Comparison per STATE

Looking at the number of distinct facilities per state, the most notable shift between versions is at the top: Minas Gerais held the highest count in V5, but São Paulo now leads in V6, with Minas Gerais dropping to second place. Both states still sit well above the rest, but their ranking has swapped. For the majority of states, the total number of facilities increased from V5 to V6, suggesting the dataset has grown in coverage. However, there are a few exceptions where facility counts actually declined: Mato Grosso for example is the most visible one in the chart, but Espirito Santo also appear to have slightly fewer facilities in V6 than in V5.

The “Unknown” state category, visible at the far right, is negligible in both versions and appears to have decreased further in V6, which may reflect improved geocoding or data cleaning in the current release.

Comparison per COMMODITY

Note: the same facility can be associated with more than one commodity!
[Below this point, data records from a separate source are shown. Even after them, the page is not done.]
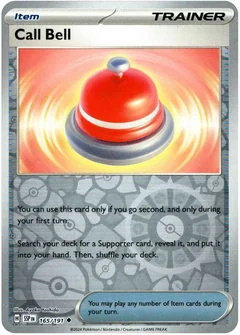 Call Bell Reverse Holo 165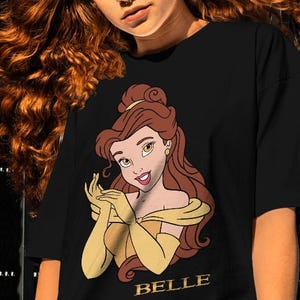 Princess Belle Shirt-belle t shirt,disney belle shirt,disney princess shirt,beauty and the beast sweatshirt,beauty and the beast hoodie
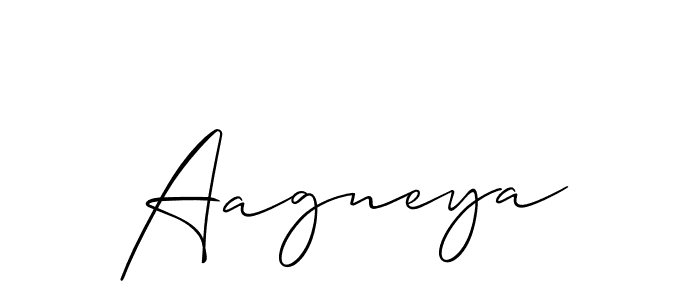 How to make Aagneya name signature. Use Allison_Script style for creating short signs online. This is the latest handwritten sign. Aagneya signature style 2 images and pictures png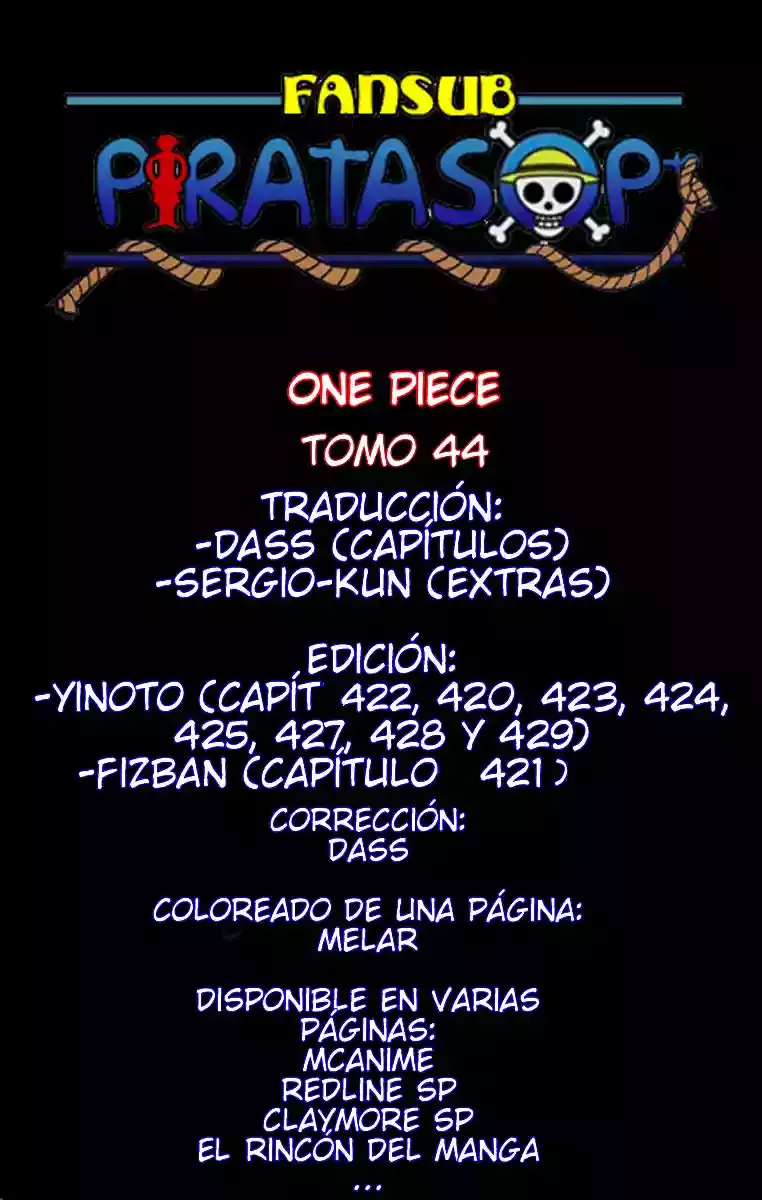 One Piece Capítulo 420 - Página 6 en español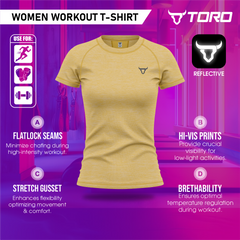Toro Activa Women's Dry-Fit Melange Raglan Tee TORO ACTIVA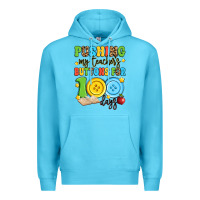 Ocean Blue pushing my teacher's buttons for 100 days Premium Hoodie - Artiststas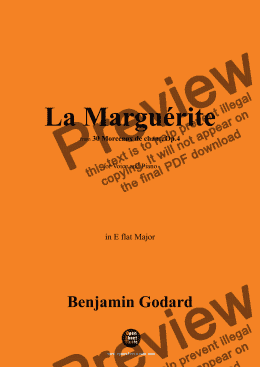 page one of B. Godard-La Marguérite,Op.4 No.9,in E flat Major 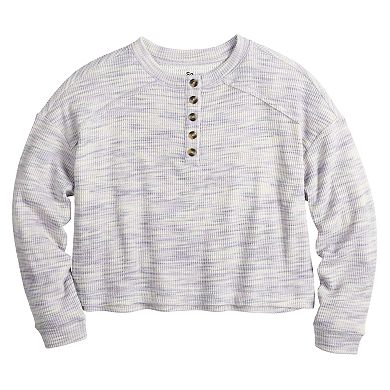 Juniors' SO® Cozy Henley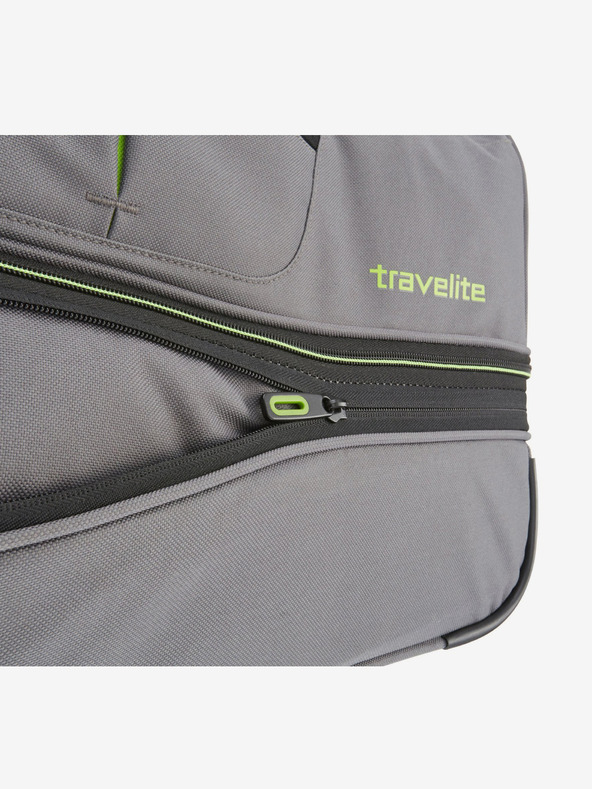 Travelite Geantă Travelite Basics Wheeled duffle S - gri-verde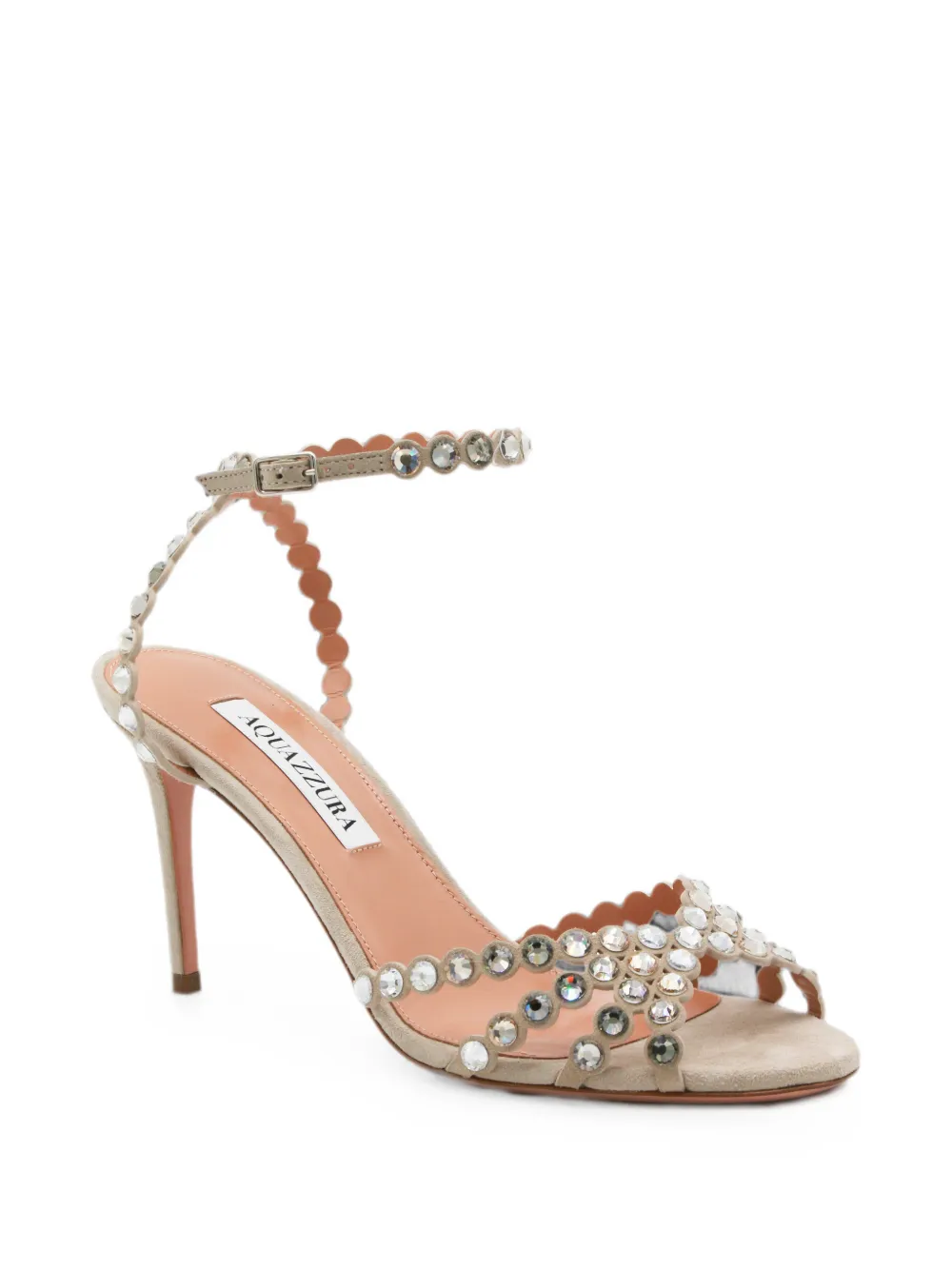 Aquazzura Tequila heeled sandals Beige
Regarding commodity composition, Dairy and Meat remain the two most representative categories in both versions, and both saw an increase in the number of associated facilities from V5 to V6. Fish, egg, and honey also recorded gains in V6. In contrast, chicken and beef show a slight decrease in associated facilities when comparing V6 to V5, while pork presents a more pronounced reduction. The sharpest declines, however, are seen in lamb, goat, and rabbit. This is likely explained by a methodological change between versions: in V5, facilities categorized generically as slaughterhouses — without species specification — were assigned to all of these commodities simultaneously. In V6, commodity classification was refined to also rely on a species-specific field, meaning that unspecified slaughterhouses are no longer automatically mapped to less common species.Additionally, improvements in the underlying code made the commodity search more accurate overall. As a result, the drop in lamb, goat, and rabbit counts reflects a correction in classification logic rather than a real-world reduction in facilities.

Finally, V6 introduces four commodity categories that had no representation in V5: canned goods, processed goods, other, and equine. These additions suggest an expansion in the scope of facility types being tracked in the current version.

Comparison per INSPECTION_LEVEL

Regarding inspection levels, V6 shows a notable increase in facilities registered at the state-level inspection (SIE) compared to V5. This can largely be attributed to a methodological expansion in data sourcing: in V5, all SIE facilities were sourced exclusively from the SISBI database, which does not capture all state-registered facilities. In V6, the approach include not only SIF and SISBI data but also direct downloads from each state inspection systems, resulting in more comprehensive coverage of state-level inspected facilities.

Beyond SIE, a small decrease is observed in SIF facilities, while SIM and CONSÓRCIO both show increases in V6 relative to V5.